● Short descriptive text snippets

□ □ □

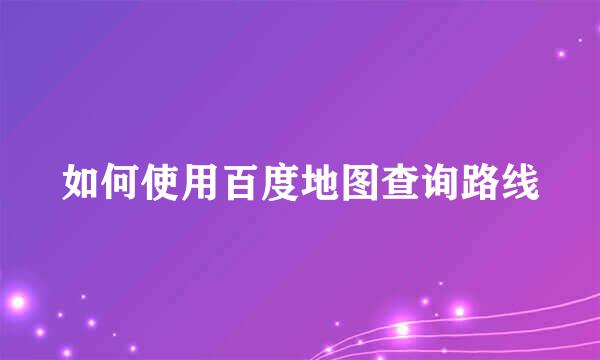 如何使用百度地图查询路线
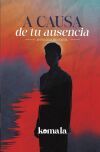 A causa de tu ausencia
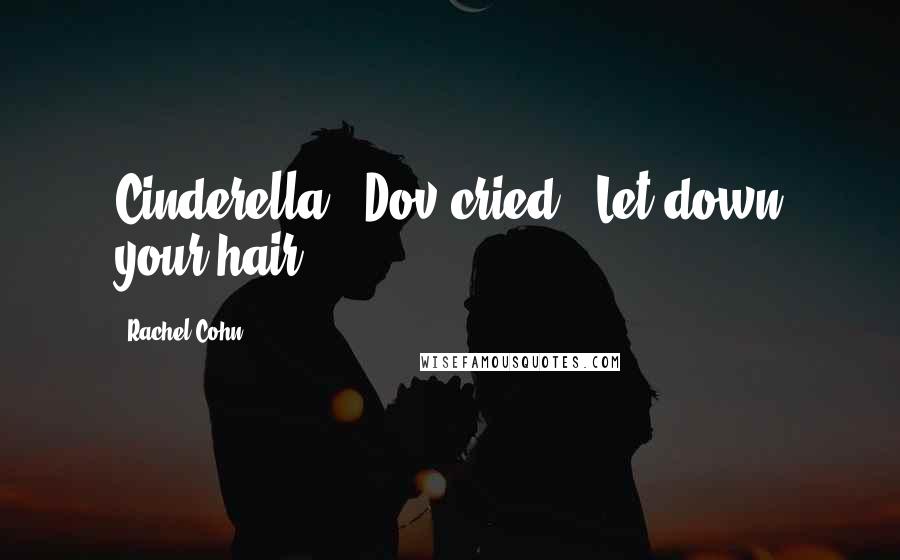 Rachel Cohn Quotes: Cinderella!" Dov cried. "Let down your hair!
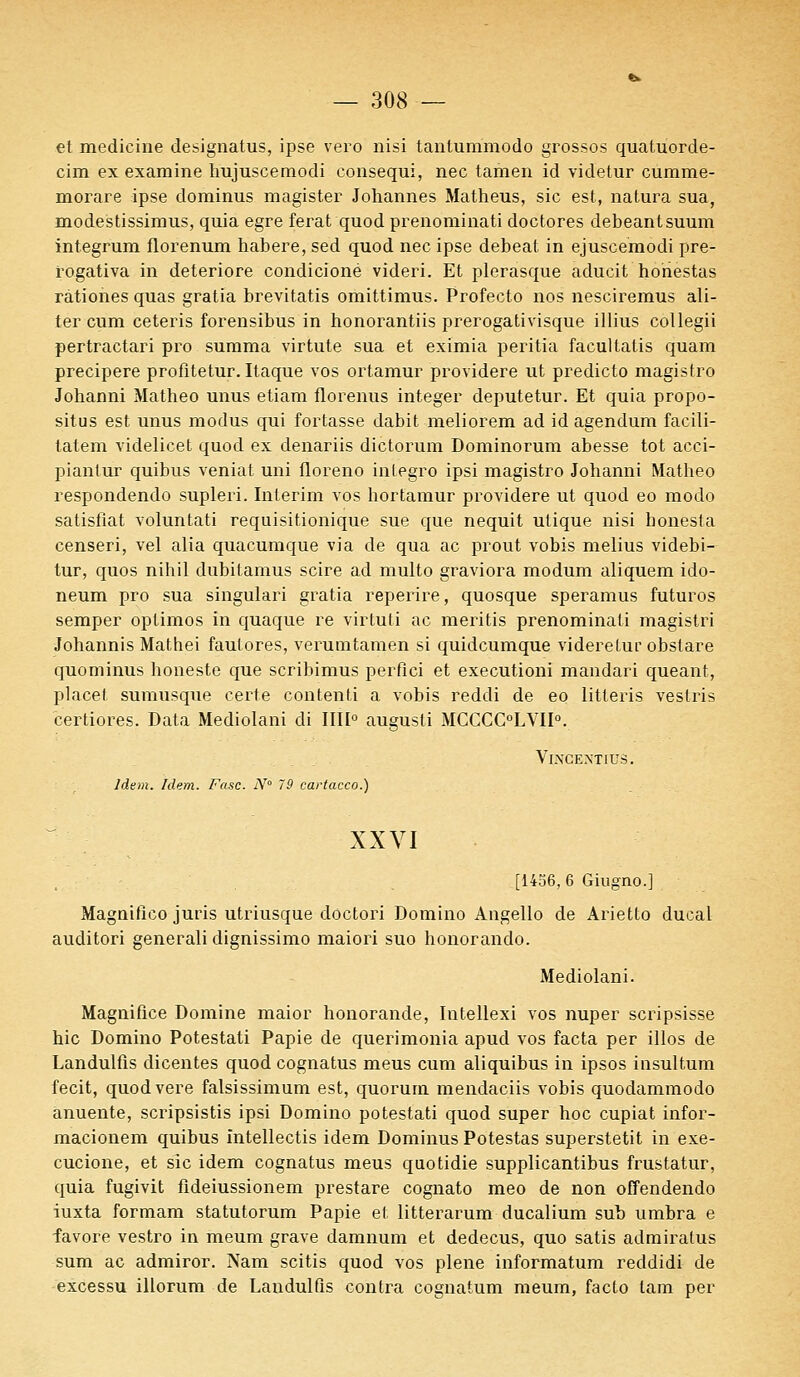 et medieine designatus, ipse vero nisi tanlummodo grossos quatuorde- cim ex examine hujuscemodi consequi, nec tamen id videtur cumme- morare ipse dominus magister Johannes Matheus, sic est, natura sua, modestissimus, quia egre ferat quod prenominati doctores debeantsuum integrum florenum habere, sed quod nec ipse debeat in ejusceraodi pre- rogativa in détériore condicioné videri. Et plerasque aducit honestas rationes quas gratia brevitatis omittimus. Profecto nos nesciremus ali- ter cum ceteris forensibus in honorantiis prerogativisque illius collegii pertractari pro summa virtute sua et eximia peritia facultatis quam precipere profitetur.Itaque vos ortamur providere ut predicto magistro Johanni Matheo unus etiam florenus integer deputetur. Et quia propo- situs est unus modus qui fortasse dabit meliorem ad id agendum facili- tatem videlicet quod ex denariis dictorum Dominorum abesse tôt acci- piantur quibus veniat uni floreno integro ipsi magistro Johanni Matheo respondendo supleri. Intérim vos hortamur providere ut quod eo modo satisfiat voluntati requisitionique sue que nequit ulique nisi honesla censeri, vel alia quacumque via de qua ac prout vobis melius videbi- tur, quos nihil dubilamus scire ad multo graviora modum aliquem ido- neum pro sua singulari gratia reperire, quosque speramus futuros semper optimos in quaque re virtuti ac meritis prenominati magistri Johannis Mathei fautores, verutntamen si quidcumque videretur obslare quominus honeste que scribimus perfici et executioni mandari queant, placet sumusque certe contenti a vobis reddi de eo litteris veslris certiores. Data Mediolani di IIII0 augusti MCCCC°LVII0. VlXCEXTIUS. Idem. Idem. Fasc. N 79 cartacco.) XXVI [1456,6 Giugno.] Magnifico juris utriusque doctori Domino Angello de Arietto ducal auditori generali dignissimo maiori suo honorando. Mediolani. Magnifiée Domine maior honorande, Intellexi vos nuper scripsisse hic Domino Potestati Papie de querimonia apud vos facta per illos de Landulfis dicentes quod cognatus meus cum aliquibus in ipsos insultum fecit, quodvere falsissimum est, quorum mendaciis vobis quodammodo anuente, scripsistis ipsi Domino potestati quod super hoc cupiat infor- macionem quibus intellectis idem Dominus Potestas superstetit in exe- cucione, et sic idem cognatus meus quotidie supplicantibus frustatur, quia fugivit fldeiussionem prestare cognato meo de non offendendo iuxta formam statutorum Papie et litterarum ducalium sub umbra e favore vestro in meum grave damnum et dedecus, quo satis adrairatus sum ac admiror. Nam scitis quod vos plene informatum reddidi de excessu illorum de Landulfis contra cognatum meum, facto tam per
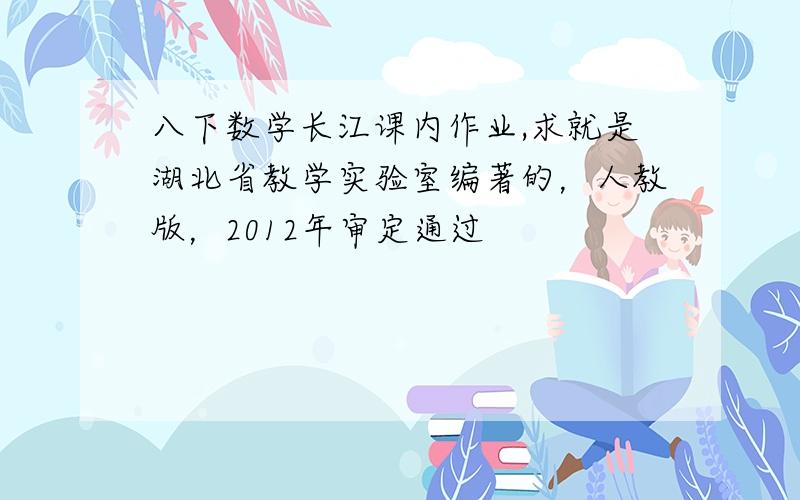 八下数学长江课内作业,求就是湖北省教学实验室编著的，人教版，2012年审定通过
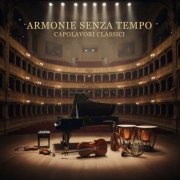 Alessandro Clerici, Chiara Sarchini, Hermann Scherchen, London Philharmonic Orchestra & Wiener Philharmonic Orchestra - Armonie Senza Tempo: Capolavori Classici (2025)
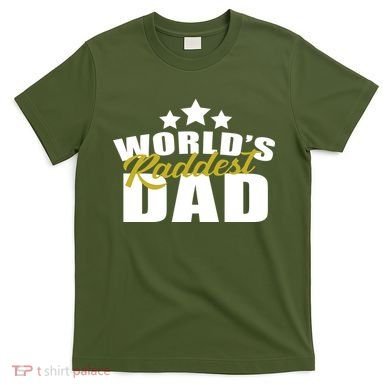 World's Raddest Dad T-Shirt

□ □ □

● ASSIGNED TASK
The answer must consist solely of the lines from the first line of the data through the line containing "down your hair!", inclusive, reproduced exactly and without pictures.

● RESULT OF THE TASK
 如何使用百度地图查询路线
 A causa de tu ausencia
 Rachel Cohn Quotes: Cinderella!" Dov cried. "Let down your hair!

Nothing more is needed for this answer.